By Rowan Hart,
Nearly 100 journalism students from schools from Davis to the East Bay packed into the Davis High library for “We Tell True Stories,” a journalism workshop that took place on Saturday, Oct. 17.
The day started off with speaker Mark Kreidler, a sports journalist, radio host and author, who gave a 50-minute lecture on his career, his past and the audience’s futures.
Kreidler emphasized to students and future journalists the importance of picking up a pen and writing. Kreidler mentioned that he has written more stories just for himself to read than ones that have been published–and he has published around 4,000 articles.
“It’s totally critical that people learn how to write. If you can write and communicate well, everything else, whether it’s journalism or anything else that you pursue, becomes easy or easier. That’s the message, learn to write,” Kreidler said.
Though it was a primarily DHS crowd, some students came from other schools to learn and take advantage of the workshop. Granite Bay adviser Karl Grubaugh and a few of his students drove more than 45 minutes to attend the event.
Grubaugh encouraged his students to come so they can see other perspectives, listen to teachers who are not himself and hopefully improve their school paper.
“I want them to hear other voices because there are lots of ways to do this, and lots of ways to make this work, but I think hearing other voices speak into that is going to help my guys,” Grubaugh. “When they come back next week they’ll come back with some ideas, they’ll come with some perspective, and they might be a little bit inspired.”

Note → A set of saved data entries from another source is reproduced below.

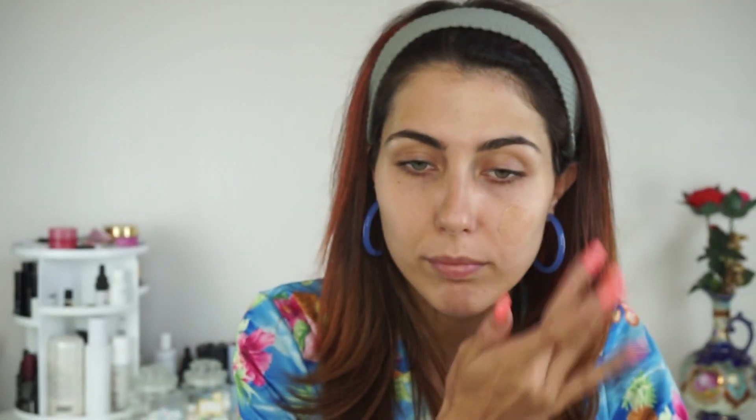We're keeping the base nice and light, SPF focus, since this is an end of summer tutorial after all. So I'm going in with the Evolve Tinted SPF. This is their light medium option — actually the only option they offer at the moment. Lighter and deeper colors are in the works, but if this works for your complexion, it really is the most beautiful, lightweight option with some really good SPF factor in there as well. So I'm just further blending it out with a sponge from 100% Pure.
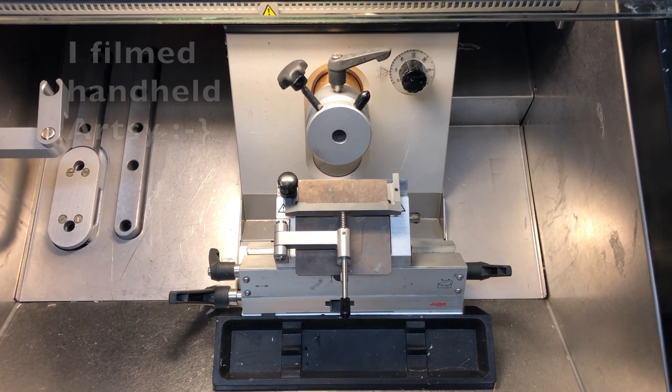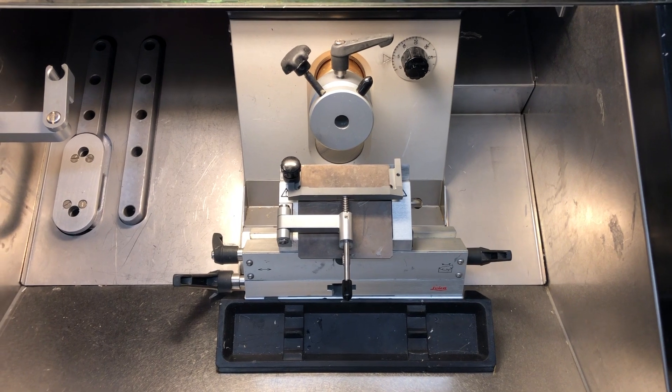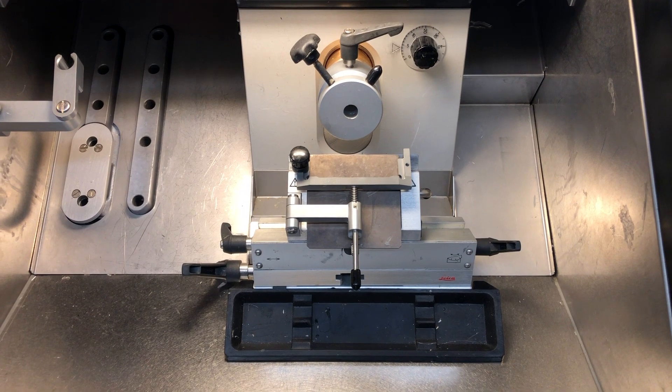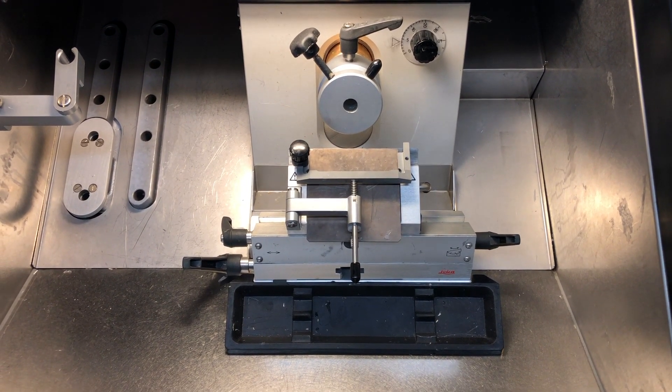Here's a problem I came across recently. A lab called me up and said, 'Hey Matt, our cryostat won't advance anymore when we cut. We can use the buttons to advance and retract the object head, but when we go to cut, the actual tissue is not moving forward towards the blade.'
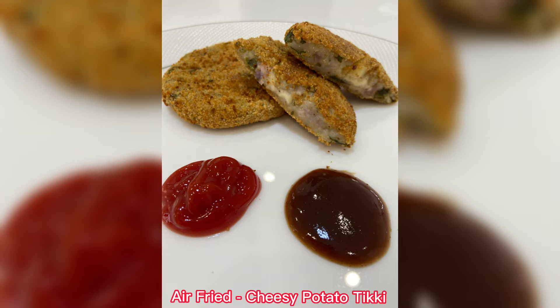Aslamu alaykum, welcome back to Khalis Desi Food. I am your host Kudsiya. Today I will take a very tasty, cheesy, crispy recipe for you. It is very easy to make and it is a bit different from our traditional aloo ki tiki. Let's make the aloo ki tiki.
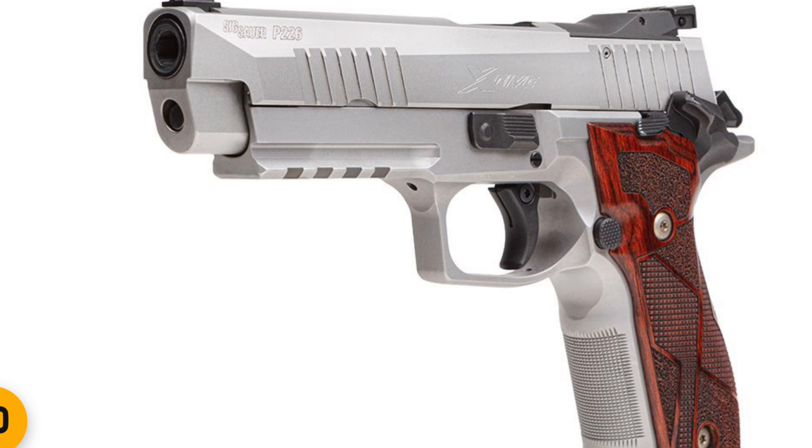They haven't released pricing yet — I don't know what the MSRP is, but it could be around the two-thousand-dollar mark, who knows. This is something I'm very much looking forward to. Let me know in the comments what you all think — are you looking forward to getting one? I never thought they'd be making the P226 X5 again, especially in the United States. Thanks for viewing, and as always, like and subscribe for more gun reviews.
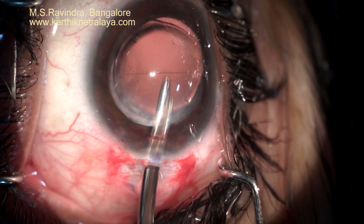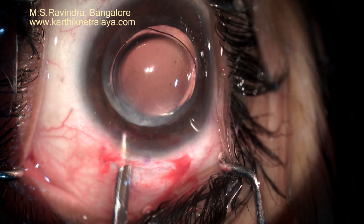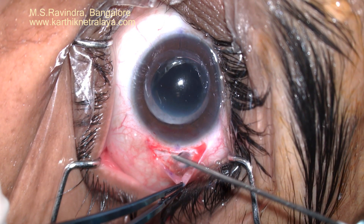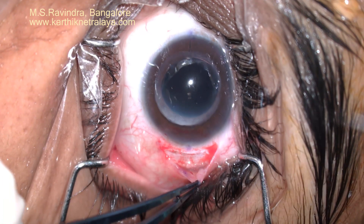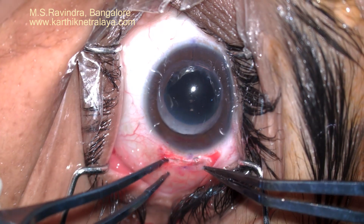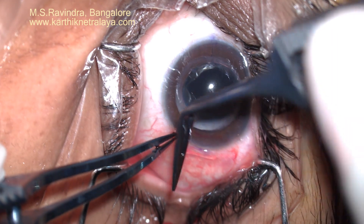It is important to remove every bit of viscoelastic from the anterior chamber, from the capsular bag, and from behind the lens. The eye is pressurized to normal intraocular levels. The tunnel is self-sealing. The eye is kept without sutures, done under topical anesthesia.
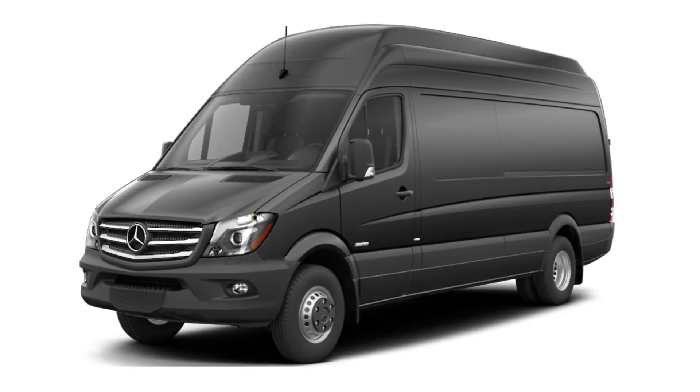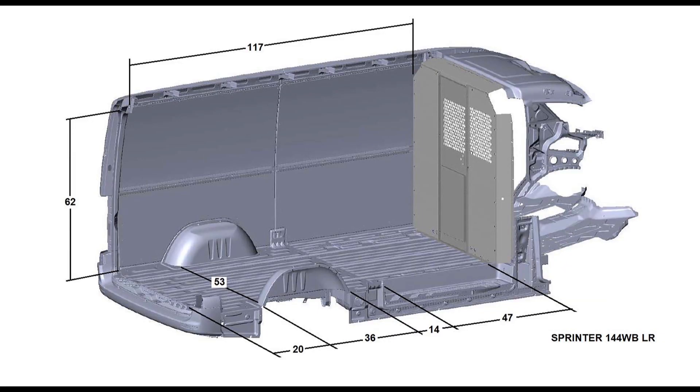Welcome. We have another van measurements video today. We're going to do the Mercedes Sprinter. Now the Sprinter was also badged under Dodge and Freightliner, but it's the same van, same dimensions, same everything. There are two different wheelbase lengths — 144 and 170 — and there are two different heights. We're going to start with the 144 inch wheelbase, which is available in both heights, but you'll see here we're using the lower one. Then we'll look at the higher height when we get into the 170 inch. Let's jump right into this.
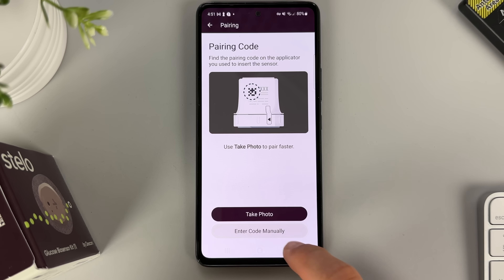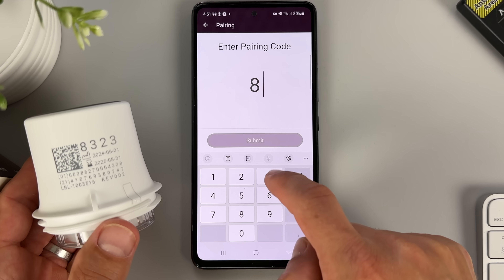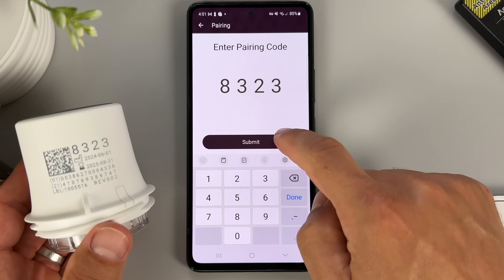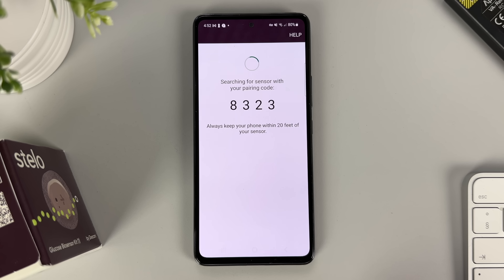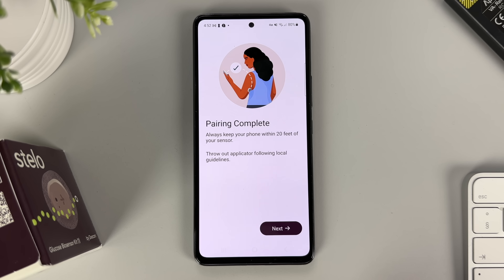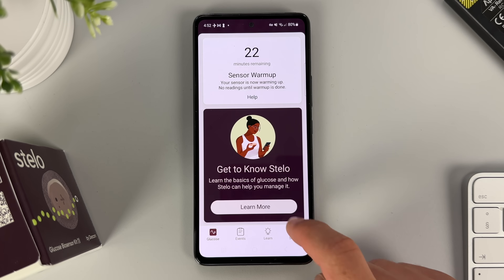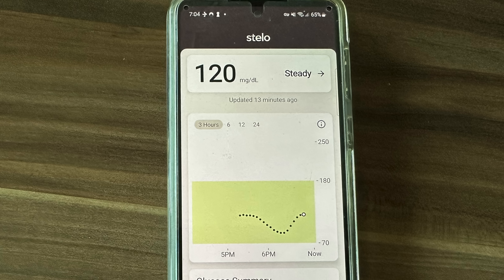Before we got our Stello session started, we needed to pair the sensor with our phone. To do that, you either enter the pairing code manually or scan the QR code from the applicator with your phone. As soon as you do that, the sensor pairs with your device and you'll see how many minutes are left from the 30-minute warm-up. In our case it was 22 minutes — 8 minutes had already passed since we applied the biosensor. After that we got our first reading, and then another one, for the next 15 days.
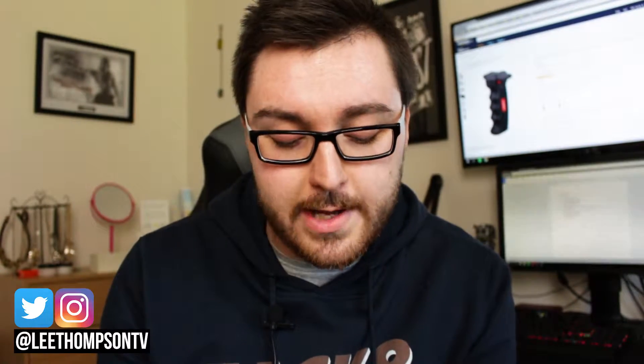Hey guys, what is up? Today I'm just going to do a very quick video. I got something in the post today that I think is pretty cool, so I'm just going to share it with you guys.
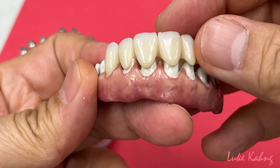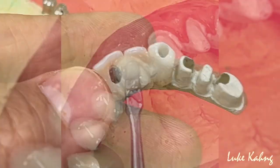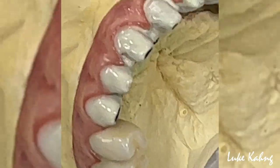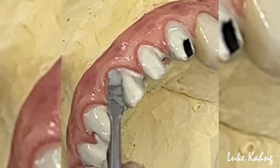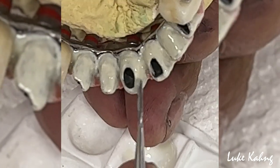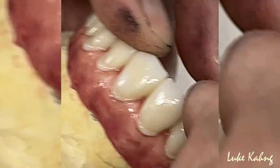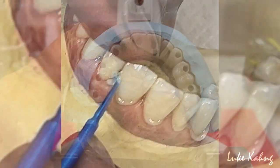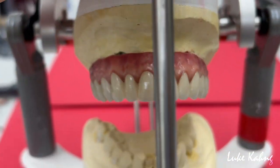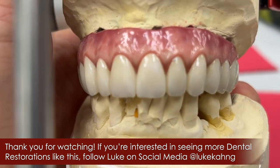Now we're going to cement it too. This is a great example of a pontic and site-and-service 7-star case — after cemented, it's beautifully done.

Granite Bay High senior Amanda Nist came to the workshop because she hopes to pursue a career in journalism and wants to improve her school paper, the Granite Bay Gazette
Nist was really impressed with a workshop run by DHS alumna Grace Richey and DHS senior Kellen Browning, in which they talked about finding and pursuing stories that matter. In particular, they described the process of writing their JEA Impact Award-winning article “MPR demolition isolates students” last year.
“I really liked that because you guys were showing your story and all the recognition it got, as well as the local aspect and how involved everything is; I think that’s really cool,” Nist said.
DHS English teacher and HUB adviser Kelly Wilkerson was behind the whole operation, and she found a way to connect the workshop to JEANC (Journalism Education Association of Northern California), which sponsored the event.
“JEANC puts these kinds of things together in order to give students an opportunity to hear other voices, as well as teachers to get out of their classrooms, where they are often lone rangers, and connect with other teachers and hear what other teachers are doing and how they can tweak that. It’s professional growth for students, it’s professional growth for teachers,” Grubaugh said.
Though many of the speakers were journalists or newspaper advisers, the event was a learning opportunity for other forms of writing as well.
Senior Sarah Zaragoza-Smith was one of two DHS yearbook students to attend the workshop; she went hoping to improve AP style in the yearbook and wanted to learn some new journalistic ideas. She found inspiration but said some ideas were difficult to connect back to yearbook.
“I think that yearbook journalism is different from The HUB or any other print journalism because it’s meant to be looked at 30 years from now, not today. With yearbook reporting really you’re trying to remind people what happened when they were in high school,” Zaragoza-Smith said.